• _What the task requires_: Retype, exactly as they appear below, the lines between the line holding "But for real, we" and the line holding "it evlerinin satisi: Xoruz, il: 1, Ödənişli", both ends included.

Content starts

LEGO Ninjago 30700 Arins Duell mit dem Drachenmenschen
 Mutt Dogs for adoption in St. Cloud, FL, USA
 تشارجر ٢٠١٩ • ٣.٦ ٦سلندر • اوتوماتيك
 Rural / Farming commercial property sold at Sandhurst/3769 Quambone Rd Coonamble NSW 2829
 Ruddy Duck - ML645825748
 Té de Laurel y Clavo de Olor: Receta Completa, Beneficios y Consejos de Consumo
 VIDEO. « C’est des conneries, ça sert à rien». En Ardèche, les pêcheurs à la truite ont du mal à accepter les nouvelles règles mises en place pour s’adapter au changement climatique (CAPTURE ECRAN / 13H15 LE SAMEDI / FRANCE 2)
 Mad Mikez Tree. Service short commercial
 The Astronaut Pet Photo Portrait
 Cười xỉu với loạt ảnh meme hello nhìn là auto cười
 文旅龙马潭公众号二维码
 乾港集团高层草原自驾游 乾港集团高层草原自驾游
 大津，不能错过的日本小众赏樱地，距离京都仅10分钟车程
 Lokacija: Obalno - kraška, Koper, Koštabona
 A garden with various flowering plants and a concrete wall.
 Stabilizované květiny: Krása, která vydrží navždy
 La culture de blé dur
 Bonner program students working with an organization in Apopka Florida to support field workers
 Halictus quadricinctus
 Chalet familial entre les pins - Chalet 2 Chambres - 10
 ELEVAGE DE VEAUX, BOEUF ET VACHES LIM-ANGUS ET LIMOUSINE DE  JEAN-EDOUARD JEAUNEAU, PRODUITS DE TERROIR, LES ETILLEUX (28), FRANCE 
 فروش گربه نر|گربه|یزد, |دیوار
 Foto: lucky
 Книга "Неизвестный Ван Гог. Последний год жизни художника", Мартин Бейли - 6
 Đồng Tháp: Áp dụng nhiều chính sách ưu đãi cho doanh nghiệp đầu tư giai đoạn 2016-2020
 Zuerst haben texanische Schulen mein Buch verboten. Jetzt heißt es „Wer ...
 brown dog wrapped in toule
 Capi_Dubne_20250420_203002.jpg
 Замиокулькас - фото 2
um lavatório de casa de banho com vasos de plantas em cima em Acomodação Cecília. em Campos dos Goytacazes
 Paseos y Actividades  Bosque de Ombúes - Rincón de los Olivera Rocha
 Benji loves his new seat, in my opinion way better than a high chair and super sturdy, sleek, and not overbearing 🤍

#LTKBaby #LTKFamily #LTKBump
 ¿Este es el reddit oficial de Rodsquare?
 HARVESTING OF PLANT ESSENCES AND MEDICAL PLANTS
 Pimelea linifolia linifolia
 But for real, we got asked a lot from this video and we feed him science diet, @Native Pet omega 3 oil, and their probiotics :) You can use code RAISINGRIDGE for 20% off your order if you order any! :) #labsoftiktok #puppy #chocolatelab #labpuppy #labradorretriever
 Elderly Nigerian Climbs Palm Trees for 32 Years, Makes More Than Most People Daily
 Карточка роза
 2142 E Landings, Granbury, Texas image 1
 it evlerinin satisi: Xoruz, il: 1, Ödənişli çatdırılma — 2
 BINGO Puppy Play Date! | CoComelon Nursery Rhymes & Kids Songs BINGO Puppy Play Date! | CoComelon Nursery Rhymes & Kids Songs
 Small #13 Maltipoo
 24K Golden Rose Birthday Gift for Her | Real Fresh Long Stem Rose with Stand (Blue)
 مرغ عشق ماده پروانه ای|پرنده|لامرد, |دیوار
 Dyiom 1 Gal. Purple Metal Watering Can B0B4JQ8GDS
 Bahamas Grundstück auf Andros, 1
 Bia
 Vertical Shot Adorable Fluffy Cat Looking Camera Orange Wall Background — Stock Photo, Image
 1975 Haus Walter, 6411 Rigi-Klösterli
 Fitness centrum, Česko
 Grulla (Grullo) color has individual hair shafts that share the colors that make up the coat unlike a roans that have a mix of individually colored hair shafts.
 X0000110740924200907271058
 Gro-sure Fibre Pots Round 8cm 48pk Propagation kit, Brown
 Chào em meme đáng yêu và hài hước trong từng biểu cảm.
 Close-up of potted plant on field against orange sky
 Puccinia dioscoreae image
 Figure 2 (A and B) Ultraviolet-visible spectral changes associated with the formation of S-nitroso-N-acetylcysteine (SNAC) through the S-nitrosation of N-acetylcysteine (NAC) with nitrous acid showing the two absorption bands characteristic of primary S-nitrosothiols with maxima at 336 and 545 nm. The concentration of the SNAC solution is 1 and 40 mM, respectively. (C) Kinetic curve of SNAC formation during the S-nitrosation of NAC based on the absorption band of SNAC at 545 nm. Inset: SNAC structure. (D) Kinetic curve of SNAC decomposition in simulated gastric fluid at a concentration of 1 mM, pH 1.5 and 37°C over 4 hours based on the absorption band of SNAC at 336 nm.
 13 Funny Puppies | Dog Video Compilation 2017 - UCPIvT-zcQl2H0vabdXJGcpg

Content ends

• _Answer section_:
 But for real, we got asked a lot from this video and we feed him science diet, @Native Pet omega 3 oil, and their probiotics :) You can use code RAISINGRIDGE for 20% off your order if you order any! :) #labsoftiktok #puppy #chocolatelab #labpuppy #labradorretriever
 Elderly Nigerian Climbs Palm Trees for 32 Years, Makes More Than Most People Daily
 Карточка роза
 2142 E Landings, Granbury, Texas image 1
 it evlerinin satisi: Xoruz, il: 1, Ödənişli çatdırılma — 2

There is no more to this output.